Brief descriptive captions
════════════════

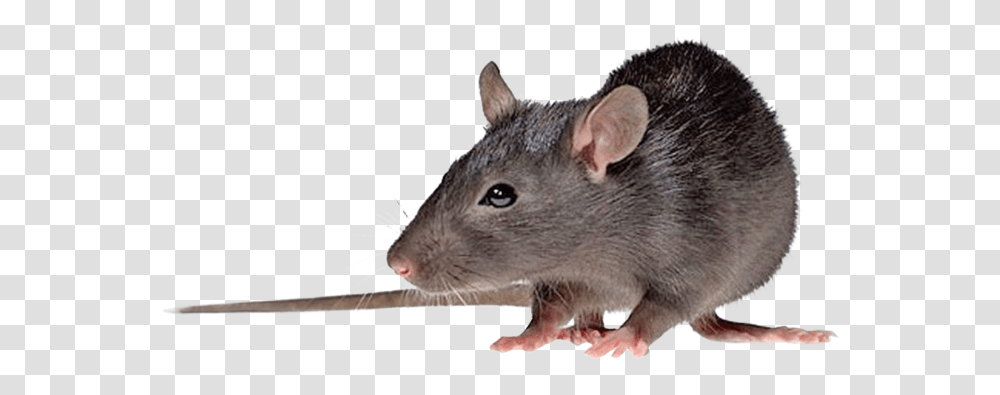 Nzwxn Hantavirus, Rat, Rodent, Mammal, Animal Transparent Png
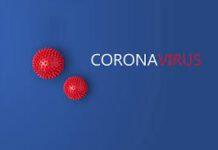 Coronavirus: paura giustificata o psicosi?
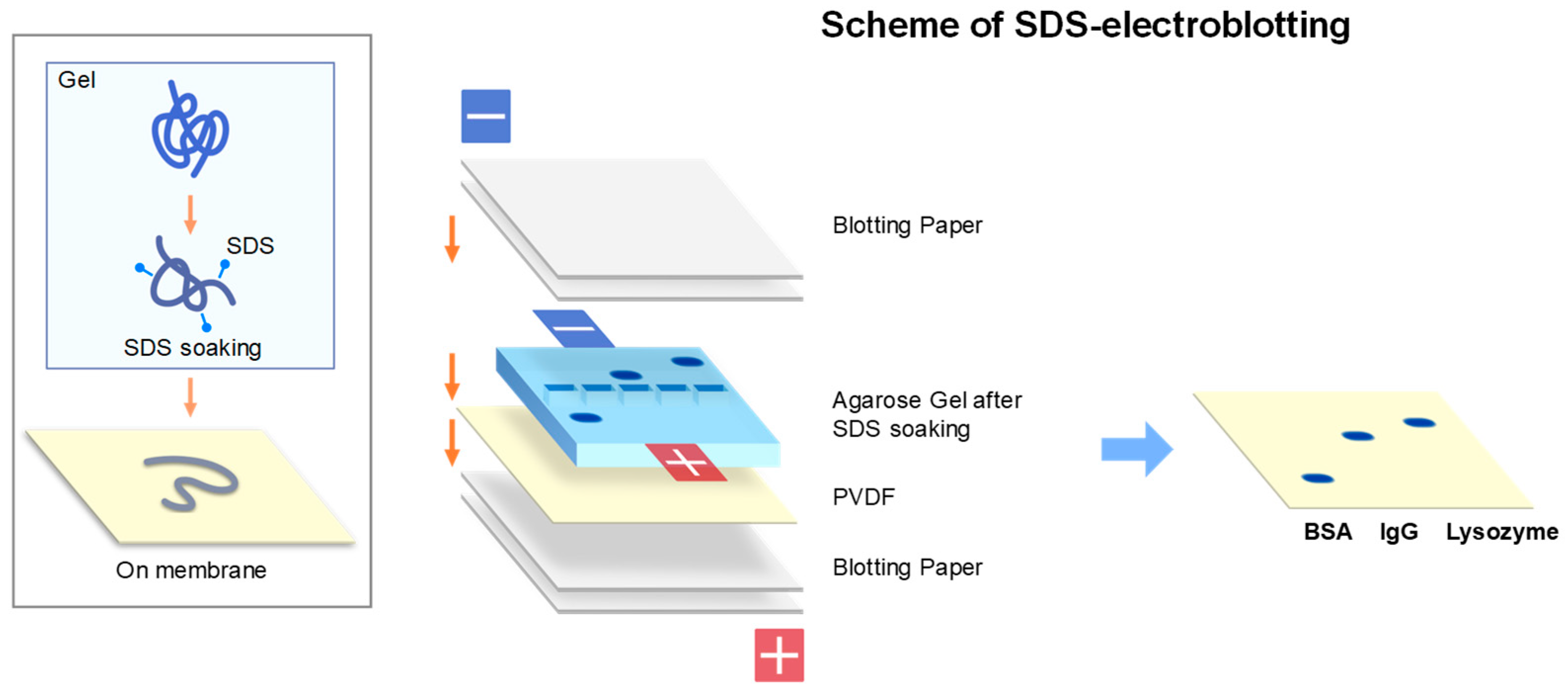Antibodies 11 00036 g009 Antibodies 11 00036 g009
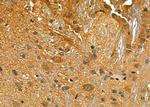 GPR34 Antibody in Immunohistochemistry (Paraffin) (IHC (P))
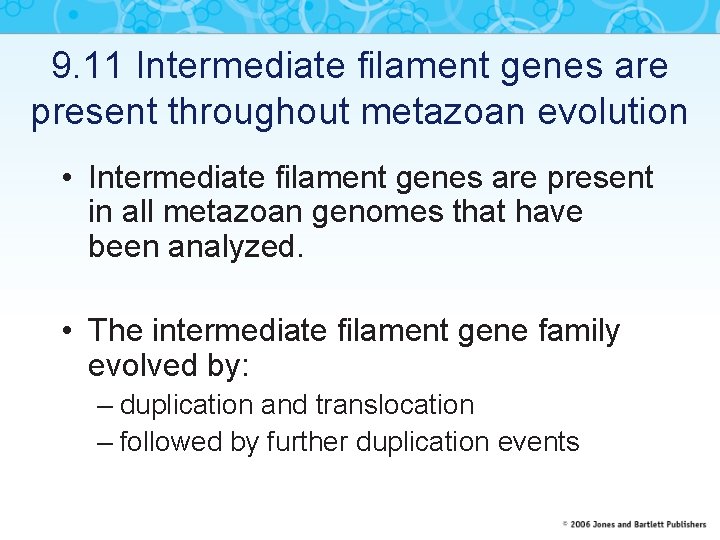 9. 11 Intermediate filament genes are present throughout metazoan evolution • Intermediate filament genes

════════════════

• WHAT IS BEING ASKED:
Transcribe each entry exactly, pictures excluded.

• ANSWER TO THIS TASK:
 Nzwxn Hantavirus, Rat, Rodent, Mammal, Animal Transparent Png
 Coronavirus: paura giustificata o psicosi?
Antibodies 11 00036 g009 Antibodies 11 00036 g009
 GPR34 Antibody in Immunohistochemistry (Paraffin) (IHC (P))
 9. 11 Intermediate filament genes are present throughout metazoan evolution • Intermediate filament genes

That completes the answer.